Its goal was to reduce American dependence on foreign oil and incentivize the fledging renewable fuel industry. But in the hands of the Obama Administration’s Environmental Protection Agency (EPA), it has become a nightmarish mess of out-of-control mandates, over-the-top bureaucracy, and out-and-out fraud.
The RFS was launched in 2005 to ensure that renewable fuels were blended into the nation’s motor vehicle fuel supply. In 2007, RFS2 raised the requirements for specific annual volumes of renewable fuels such as corn-based ethanol and included new mandates for cellulosic ethanol, biomass-based diesel, and advanced biofuel.
The standard also allows refiners or fuel importers to sell or purchase renewable fuel trading credits called RINs (Renewable Identification Numbers), giving them the means to demonstrate their compliance with the volume requirements.
Representatives from the oil industry worked with Congress to write the RFS legislation and agreed with it in concept. But several unforeseen issues have developed.

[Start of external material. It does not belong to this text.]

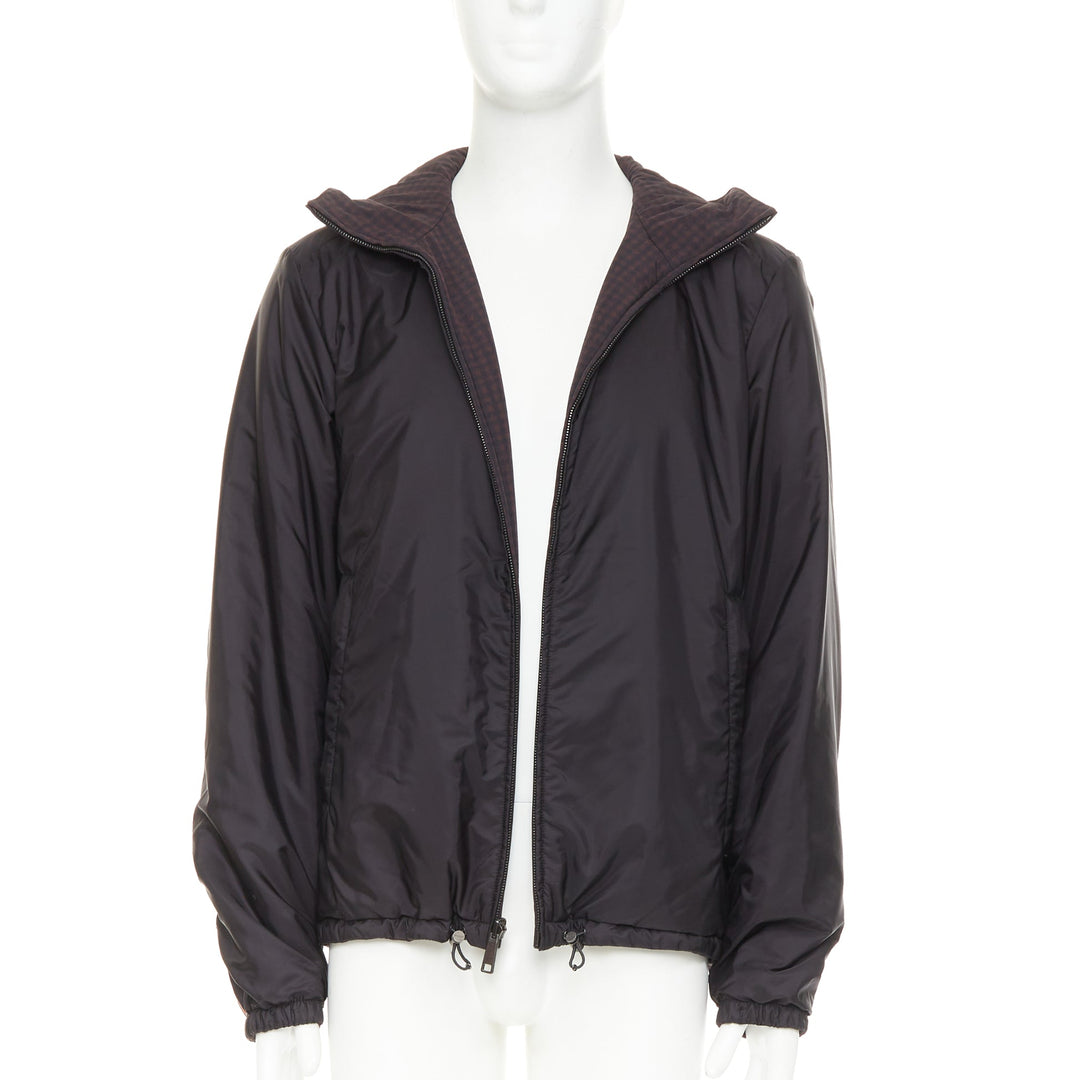 PRADA Linea Rossa 2014 Reversible black burgundy gingham windbreaker IT52 XL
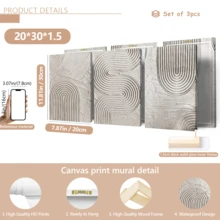 3 قطع / مجموعة لوحة فنية حديثة، مجموعة فن قماشي مجرد - ديكور جداري أنيق باللون الأبيض والرمادي، درجات لونية أرضية، محايد، فن زن، خطوط هندسية، ريفي، أسلوب حديقة زن، مؤطر أو غير مؤطر، ديكور غرفة، ديكور المنزل، ديكور شقة الطالب الجامعي، هدايا لديكور الجدران في الفندق، المنزل، غرفة المعيشة، غرفة النوم، الحمام والمكتب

And although fuel providers have repeatedly pointed out the RFS’s flaws, EPA has turned a deaf ear and shown no interest in fixing the convoluted, market-distorting problems.
First, there is the mandate requiring ethanol to be blended in to the nation’s gasoline supply. A total of 13.2 billion gallons of ethanol must be added this year and 13.8 billion gallons next year. Combined with this summer’s drought, the ethanol mandate has pushed up corn and animal-feed prices, resulting in higher prices for food.
Stanford University’s Center for Food Security and the Environment says the RFS has “reshaped price and supply dynamics in food markets” and created hardships for Americans and other people around the globe. “Poor households in the developing world, where 70-80% of the budget is spent on food, will be hurt the most,” the Center says. Yet EPA in November refused to grant a waiver which could have reduced the amount of corn burned for fuel.